● Aim of the task:
The lines in the listing below are to be given again exactly, starting at the line holding "Rausvas bikinio apatinis" and ending at the line holding "kobieta wycieczkowicz przez". Do not include pictures.

● Data section:
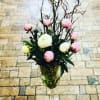 Pink and white peonies in a wine glass vase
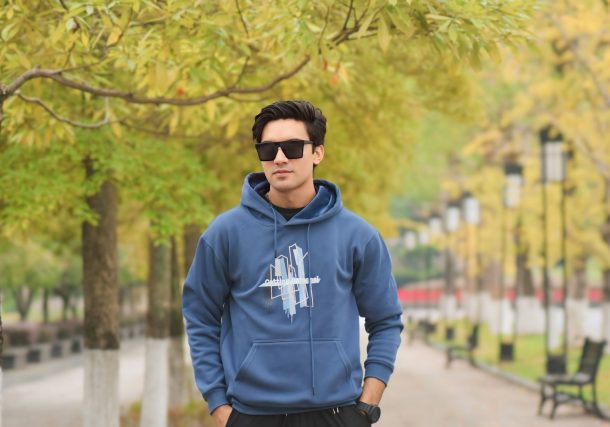 A man in a blue hoodie standing next to a tree
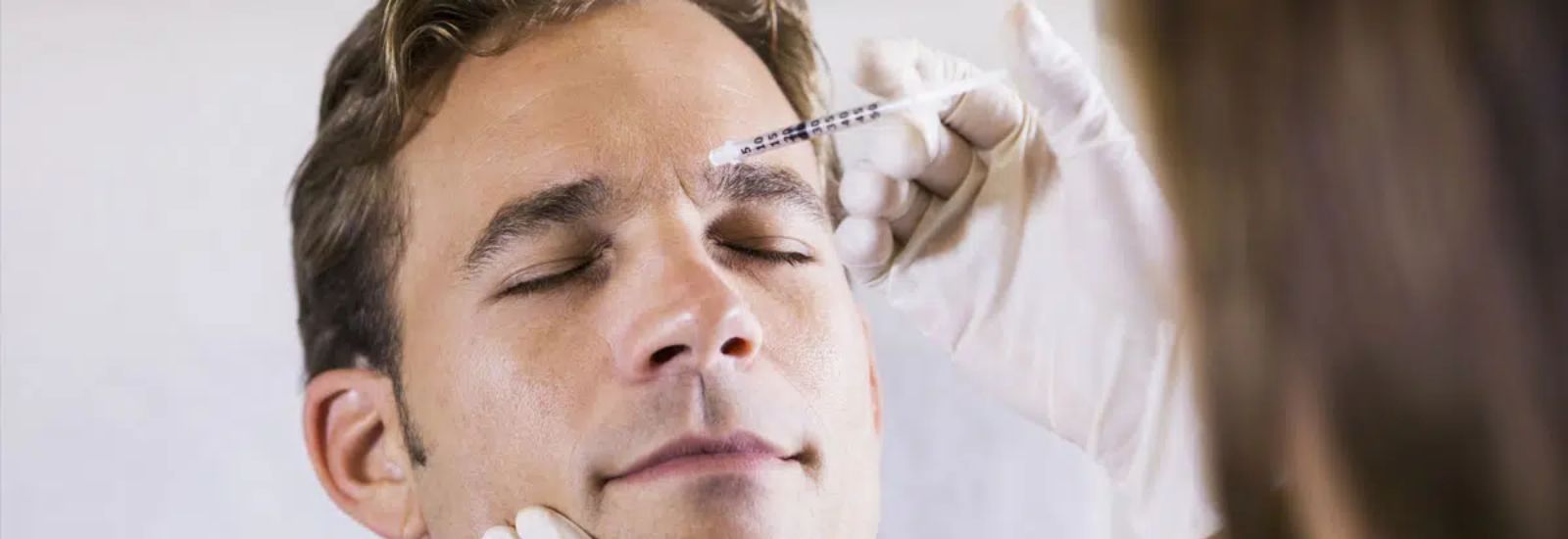Man undergoing botox treatment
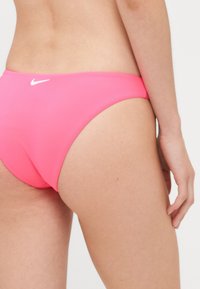 Rausvas bikinio apatinis trikotažas, pagamintas iš glotnaus audinio, turintis mažai kylančią dizainą ir mažą baltą logotipą nugaros pusėje.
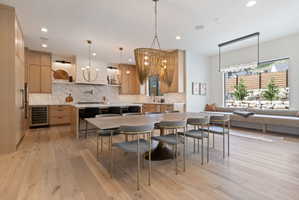 Open-concept living area featuring wide-plank wood-finish flooring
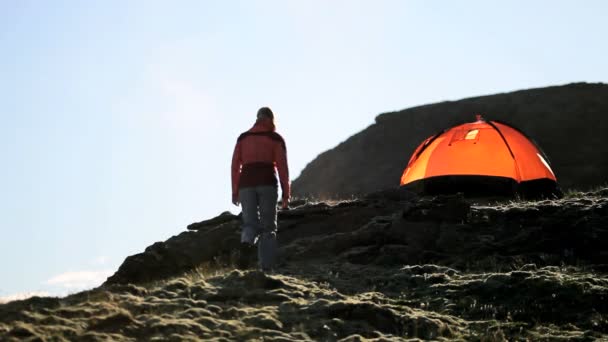 kobieta wycieczkowicz przez namiot na zboczu góry jałowe - Materiał filmowy, wideo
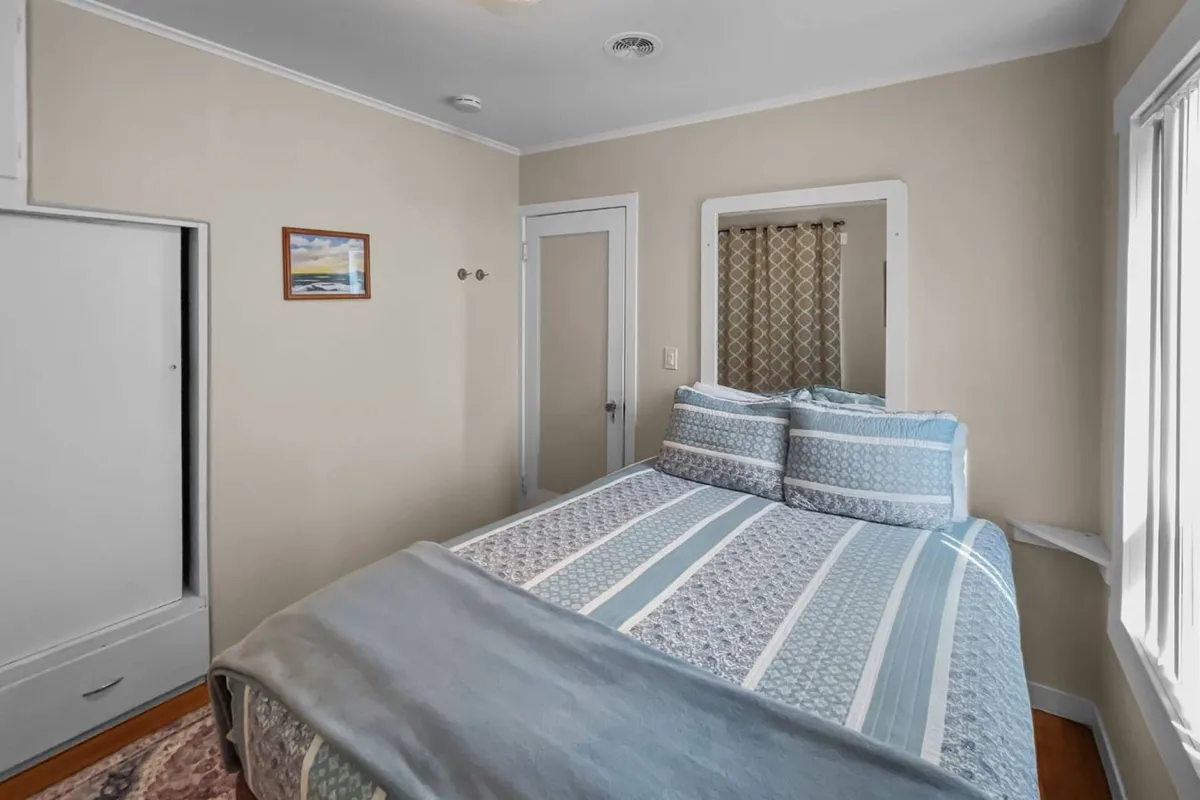 A bright bedroom with a bed dressed in patterned bedding, framed artwork above, and a window letting in ample natural light. The room exudes an inviting and serene vibe, ideal for quiet moments or starting the day refreshed.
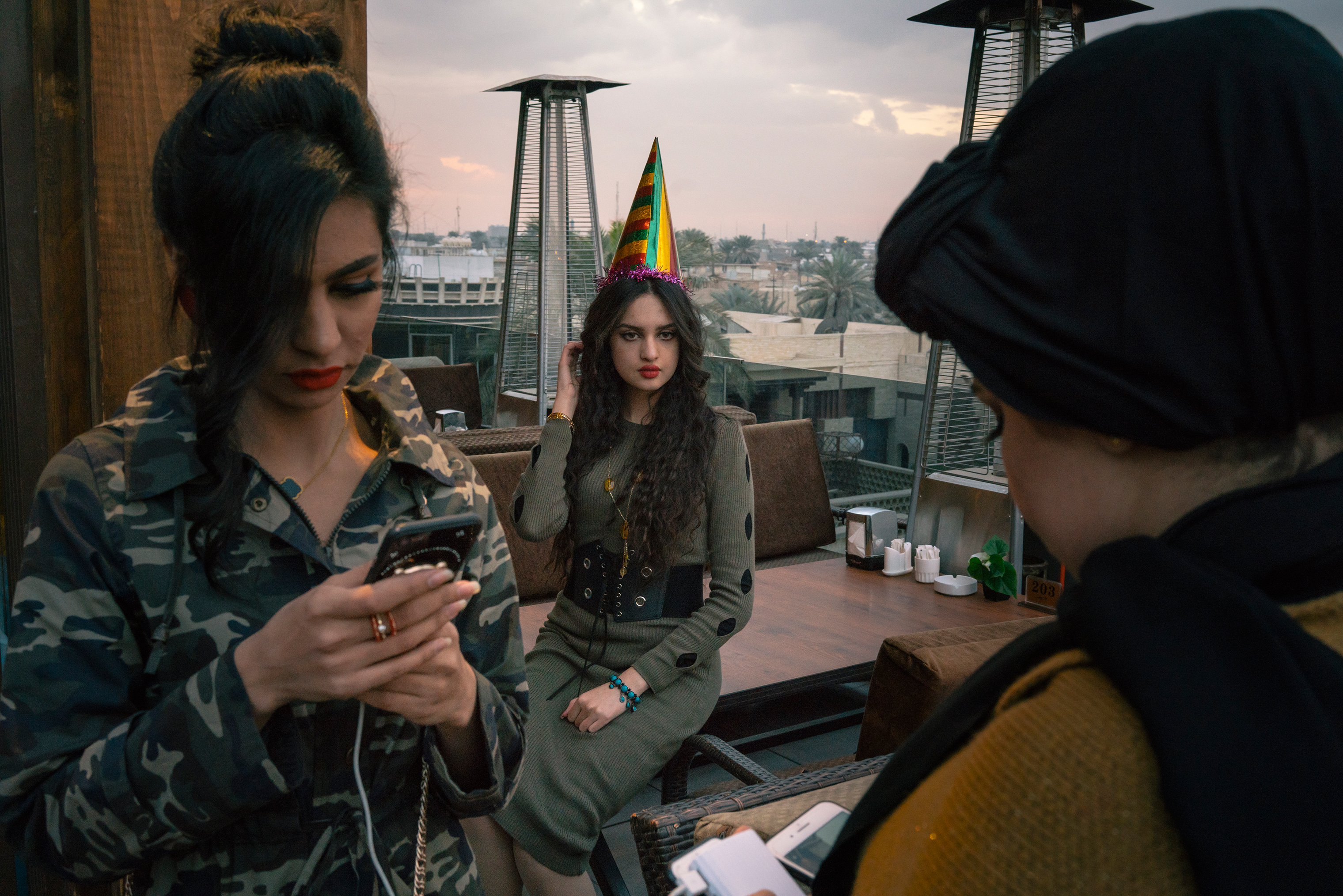 Nariman Abujahar, center, a computer engineering student, celebrates her 23rd birthday with friends on a restaurant’s rooftop terrace in the Mansour district of Baghdad on Jan. 27. (Emanuele Satolli for TIME)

● Exercise answer:
 Rausvas bikinio apatinis trikotažas, pagamintas iš glotnaus audinio, turintis mažai kylančią dizainą ir mažą baltą logotipą nugaros pusėje.
 Open-concept living area featuring wide-plank wood-finish flooring
 kobieta wycieczkowicz przez namiot na zboczu góry jałowe - Materiał filmowy, wideo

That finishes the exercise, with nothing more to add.